The core — no innate ideas, the mind as white paper
Locke's programme is to map the origin, extent, and limits of human knowledge. All our materials, he argues, come from experience: simple ideas enter through the senses and through the mind's reflection on its own operations, and the understanding then combines them into the complex ideas we think with. From this he develops famous distinctions — primary and secondary qualities, the workmanship of the understanding, the puzzle of personal identity — and a sober conclusion about how much is genuinely within our reach.
Let us then suppose the mind to be, as we say, white paper, void of all characters, without any ideas. How comes it to be furnished? … To this I answer, in one word, from experience.
— Locke, Essay, II.i.2
This is the book that set the agenda for British empiricism and, through Berkeley and Hume, for a century of philosophy after it.
Three highlights
1. The foundation of empiricism
Almost every later debate about perception, knowledge, and the mind starts here. Reading the Essay is reading the source, not a commentary on it.
2. The famous set-pieces
Primary and secondary qualities, the "molyneux problem," and the memory-based account of personal identity are landmarks of philosophy — and they are vivid and argued, not dry.

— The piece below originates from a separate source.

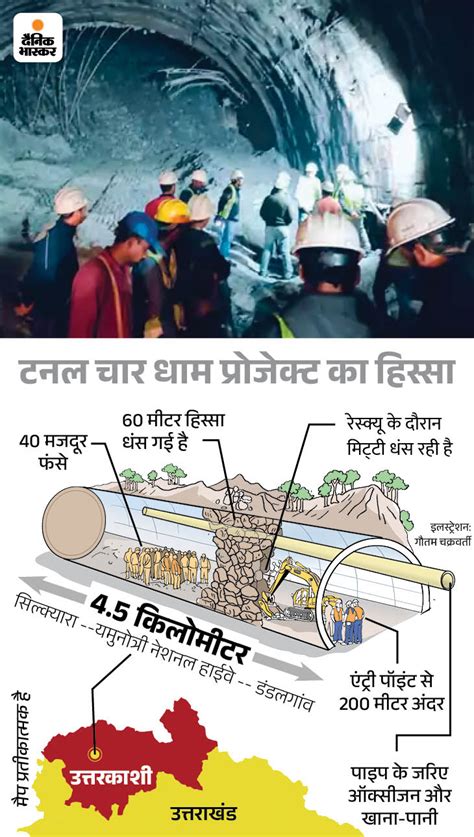 Uttarakhand Tunnel Collapse Rescue Operation Update Uttarkashi Tunnel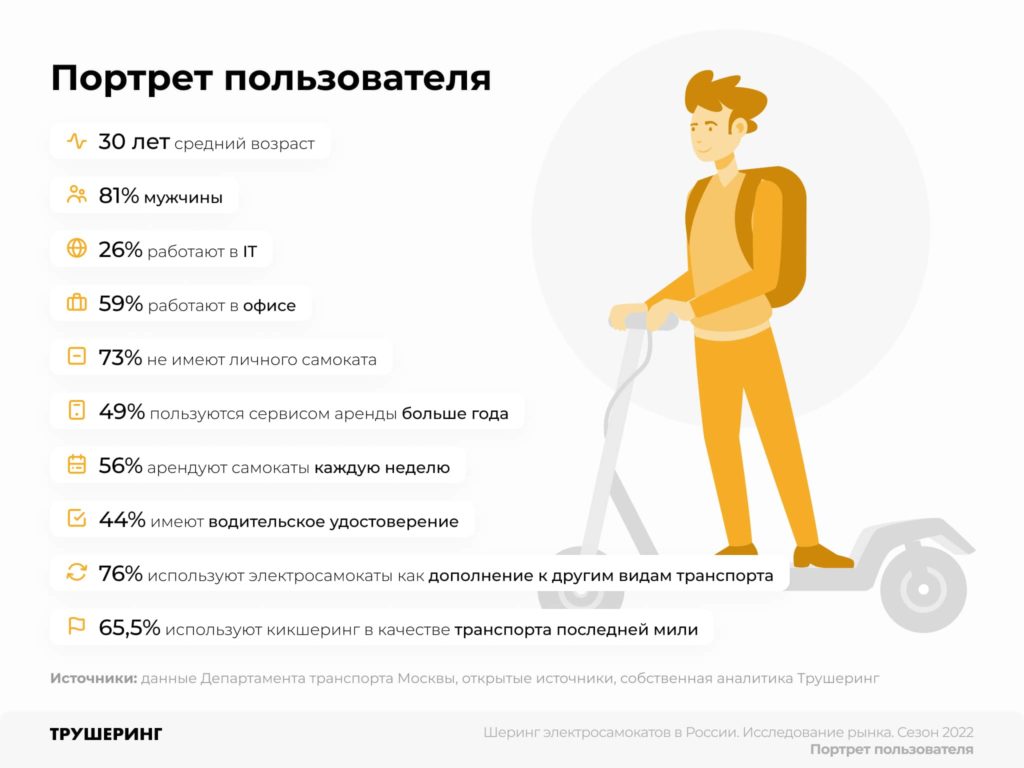 13,3 млрд рублей за сезон. Исследование рынка кикшеринга в России. Сезон 2022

3. Woolhouse's reading edition
The Essay is enormous; Woolhouse's Penguin text and introduction make a sane starting point for a first encounter without demanding the full scholarly apparatus at once.
What to watch out for
Two honest notes. First, it is long and uneven: at some 800 pages, Locke repeats himself and digresses, and few first readers go straight through every chapter. Use the introduction to pick a path — Books II and IV are the heart. Second, read it after the politics, not before: coming to the Essay once Dunn and the Two Treatises have shown you how Locke argues makes the theory of mind far less forbidding. This is the deep end, kept for last on purpose.